This guide will give a quick guide on training a variational auto-encoder (VAE) in torchbearer. We will use the VAE example from the pytorch examples here_:

.. _here: https://github.com/pytorch/examples/tree/master/vae

Defining the Model
^^^^^^^^^^^^^^^^^^^^^^^^^^^^^^^^^^^^

We shall first copy the VAE example model.

.. literalinclude:: /_static/examples/vae_standard.py
:language: python
:lines: 44-73

Defining the Data
^^^^^^^^^^^^^^^^^^^^^^^^^^^^^^^^^^^^

We get the MNIST dataset from torchvision and transform them to torch tensors.

.. literalinclude:: /_static/examples/vae_standard.py
:language: python
:lines: 23-31

The output label from this dataset is the classification label, since we are doing a auto-encoding problem, we wish the label to be the original image. To fix this we create a wrapper class which replaces the classification label with the image.

.. literalinclude:: /_static/examples/vae_standard.py
:language: python
:lines: 10-20

We then wrap the original datasets and create training and testing data generators in the standard pytorch way.

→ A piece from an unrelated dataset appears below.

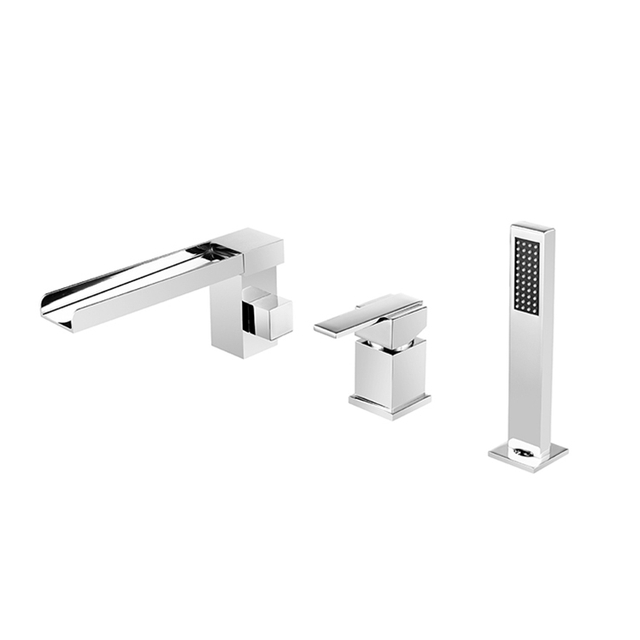 Kaiping Bathroom Lavatory cUPC Copper Waterfall Bath Mixer With Hand Shower Shower 3 Hole Desk Bathtub Faucet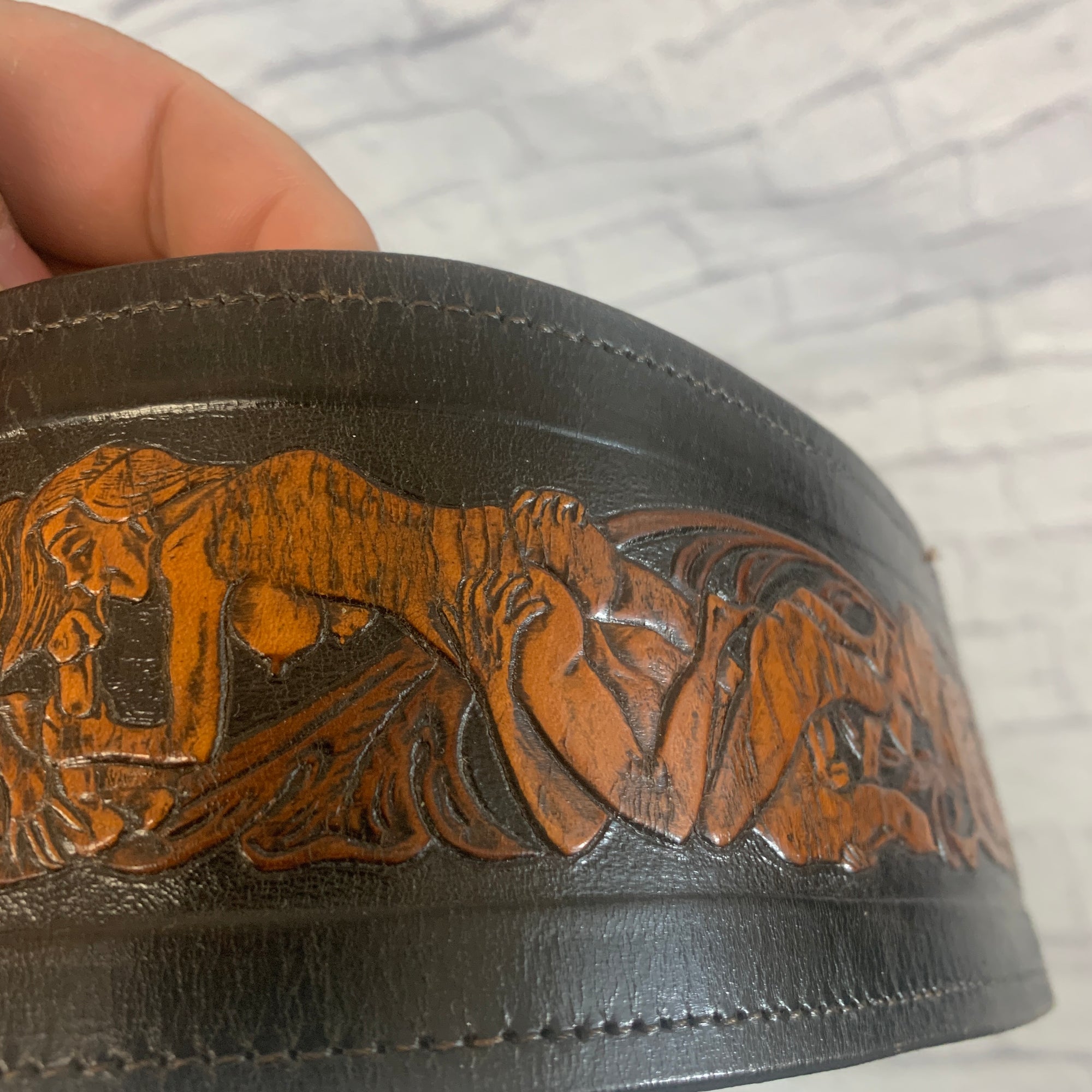 Silver Eagle Pick Pocket Model 69 Rare NSFW Leather Strap Strap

.. literalinclude:: /_static/examples/vae_standard.py
:language: python
:lines: 33-41

Defining the Loss
^^^^^^^^^^^^^^^^^^^^^^^^^^^^^^^^^^^^
Now we have the model and data, we will need a loss function to optimize.
VAEs typically take the sum of a reconstruction loss and a KL-divergence loss to form the final loss value.
There are two ways this can be done in torchbearer - one is very similar to the PyTorch example method and the other utilises the torchbearer state.

PyTorch method
------------------------------------

The loss function from the PyTorch example is:

.. literalinclude:: /_static/examples/vae_standard.py
:language: python
:lines: 82-87

This requires the packing of the reconstruction, mean and log-variance into the model output and unpacking it for the loss function to use.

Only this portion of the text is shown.